In their fourth quarter financial report yesterday Barnes & Noble announced it was spinning off its Nook business into a separate, wholly-owned subsidiary. My first thought was, “about time.” Barnes & Noble should have never had the Nook business as apart of its primary business. The only way to disrupt yourself at that size is to run the new business on its own, completely separate from the politics of the primary business, which in B&N’s case is retail book sales. Being an upstart, it is ripe to be squashed. Keeping it separate would have helped, or at least given it a fighting start.
The question is can the Nook business survive on its own? I don’t know. Many people made a bet on e-book readers already and bet Amazon. I did. Because of that decision, I make a concerted effort to buy books for only that device. On top of that, we have a couple of them around here, all linked to the same accounts. If my wife wants to read a book that I’ve read, she can just by downloading it from the Amazon store.
Then I saw this: “Any separation of NOOK Media and Barnes & Noble Retail into two separate public companies …” (emphasis mine). Oh, that’s not good. The Nook business has been blamed for years on dragging down Barnes & Noble’s earnings. It’s been a money loser. Instead of given it room to grow and then go public on its own, Barnes & Noble is attaching an anchor called quarterly filings to it and setting it to sail. I have a hard time seeing how it survives that.
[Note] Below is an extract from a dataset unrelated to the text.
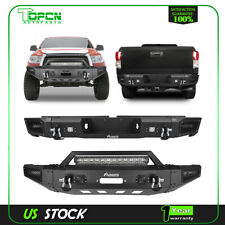 Front Rear Bumper For 2007-2013 Toyota Tundra w/ Winch Plate LED light D-rings picture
The last remaining piece, of course, is the Barnes & Noble retail stores. Supposedly this is still a profitable business. I’m not surprised. Almost everyone else is gone except a few hold out independents (like Portland’s very own Powell’s). For many many people holding a book in one’s hands is still magic. We have hundreds of books in our house still, even after going mostly digital, although most of them are kids books. e-books don’t really cut it in many cases.
Is that enough to sustain a business? I’m skeptical but I guess we’ll find out. Apple has figured out how to make a physical business survive and thrive in a digital world. Can B&N figure this out, too?